Since the production process is not going to be changed, power consumption and heat dissipation in the mainstream will remain where they are today. We did some basic testing, but as expected the difference was not worth mentioning.
AMD is going to introduce low-powered processors for power and noise sensitive environments. The single cores will maintain a 35 W power envelope, while the dual cores won't exceed 65 W. The latter is the mainstream thermal design that Intel intends to introduce with its upcoming Conroe processors in Q3. What we find amazing is that AMD must be able to reach these envelopes using its 90 nm technology, while Intel had to switch to 65 nm in order to maintain this course.
Moving the Sempron and Athlon families to a common socket eliminated the need for separate budget and mainstream/performance platforms.
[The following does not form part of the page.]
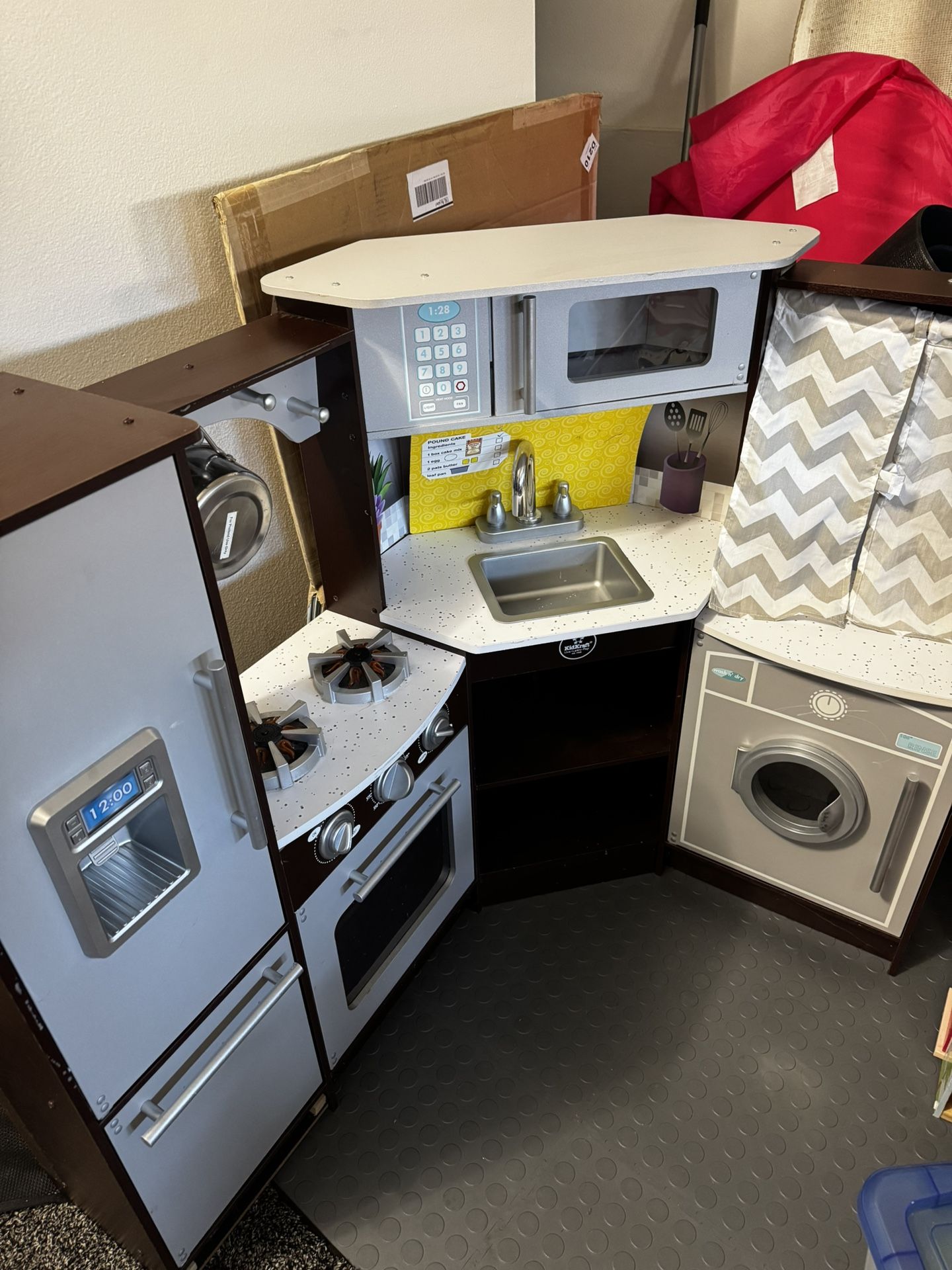 KidKraft Kitchen Set - $30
The current Socket 754/939 Athlon 64 processors and motherboards usually cannot cope with more than 4 GB of RAM-there are few 2 GB DDR400 DIMMs-although addressing more than 4 GB is technically possible. The Socket AM2 Athlons will be able to use attractively-priced 2 GB DDR2 DIMMs.
The changed mounting mechanism for the CPU cooler will annoy enthusiasts who spent a lot of money on a sophisticated, motherboard-mounted solution. However, we expect average Joe to be good to go with the boxed cooler or other 3rd party products that certainly won't be more expensive due to this change.
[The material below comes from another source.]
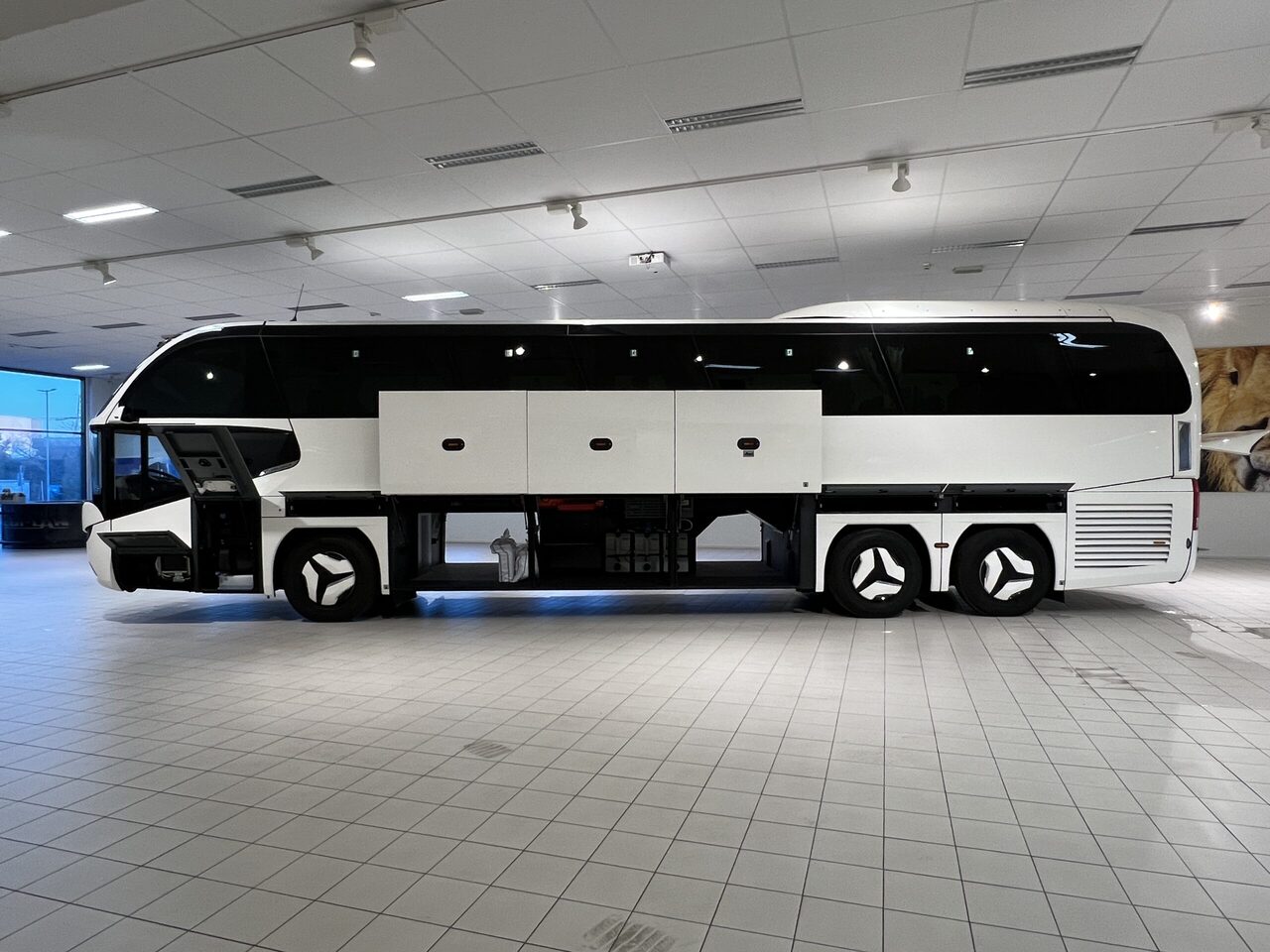 Туристичний автобус Neoplan Cityliner P15 Euro 6E V.I.P Exclusive Class (svart / brons färgad skinnklädsel): фото 13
Things are changing quite a bit. First, we have to say that the AM2 platform we received for this quick preview was as stable as a production system - this probably would not have been the case few years ago. Second, it is interesting to see that AMD is ready to launch AM2, and yet it is still waiting for the right moment. DDR2-800 and higher chip densities are a good justification for delaying the launch to late Q2.
Three years ago, AMD could never have afforded to delay a major technology launch for the sake of waiting for the ideal moment (or to make sure the new chips are available in sufficient quantities). Today, the Athlon 64 processor family is widely considered superior, which puts AMD into a role as leader rather than as a struggling competitor.
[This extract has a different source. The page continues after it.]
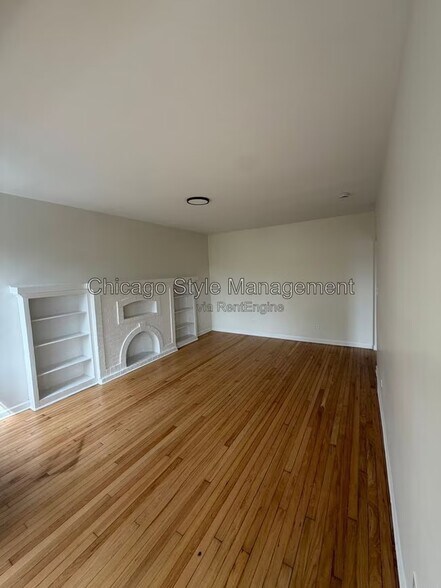 Building Photo - 7831 S Colfax Ave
The Socket AM2 is a generation change that is becoming increasingly necessary for the sake of supporting memory that will be mainstream in mid-2006 and into 2007. It won't change the performance landscape by much, unless AMD decides to make some fundamental changes to the architecture such as upgrading the FX to 4 MB cache. However, it will also be the basis for the upcoming 65 nm processors that are due at the end of this year. That is when things are going to heat up; the shootout between Intel's Conroe desktop processor and AMD's shrunk Athlons will be as hot as the Gigahertz battle in 2000.